» Exercise details: Beginning at the line that holds "Brown suede Mary Janes w11" and continuing to the last line of the data below, transcribe every line word for word, without pictures.

**** Collected material

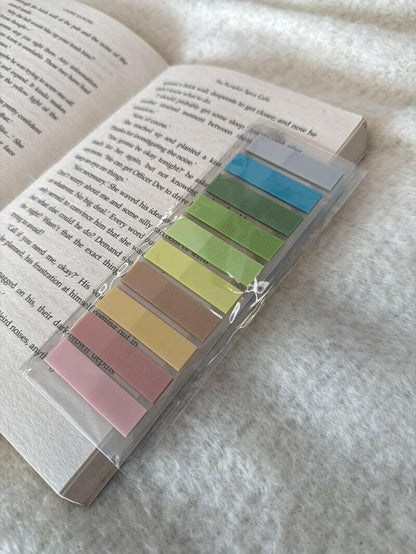 Minimalistische annotatie tabs in zachte tinten, ideaal voor het markeren van tekst in boeken.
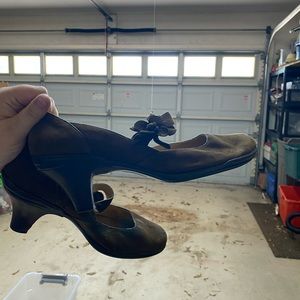 Brown suede Mary Janes w11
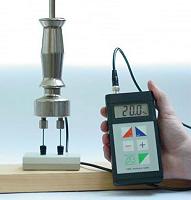 Misuratore di umidità del legno per materiali da costruzione FME mentre verifica il blocco di calibratura.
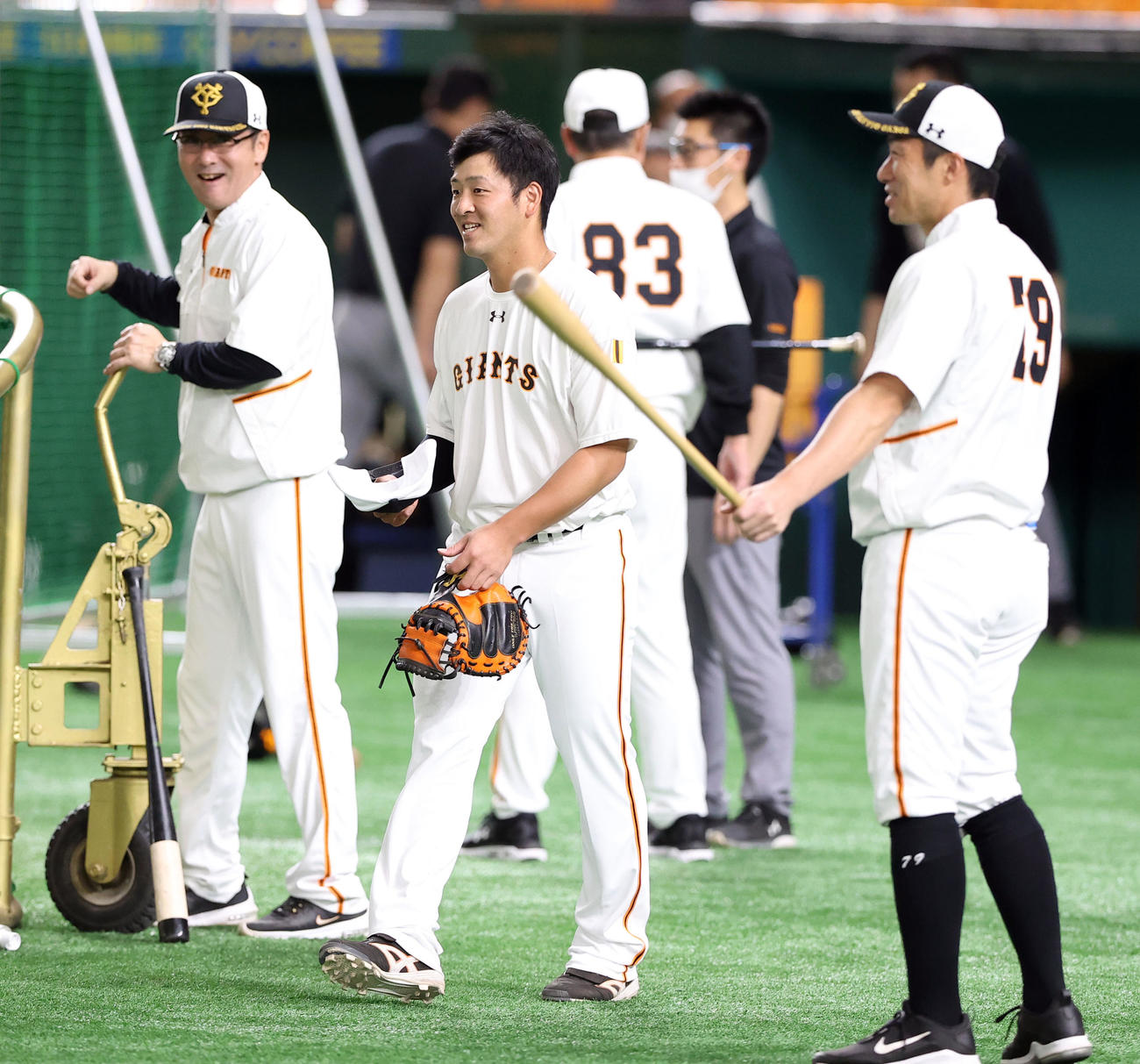 巨人対広島　試合前練習中、笑顔を見せる巨人岸田（撮影・垰建太）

********

» Your solution:
 Brown suede Mary Janes w11
 Misuratore di umidità del legno per materiali da costruzione FME mentre verifica il blocco di calibratura.
 巨人対広島　試合前練習中、笑顔を見せる巨人岸田（撮影・垰建太）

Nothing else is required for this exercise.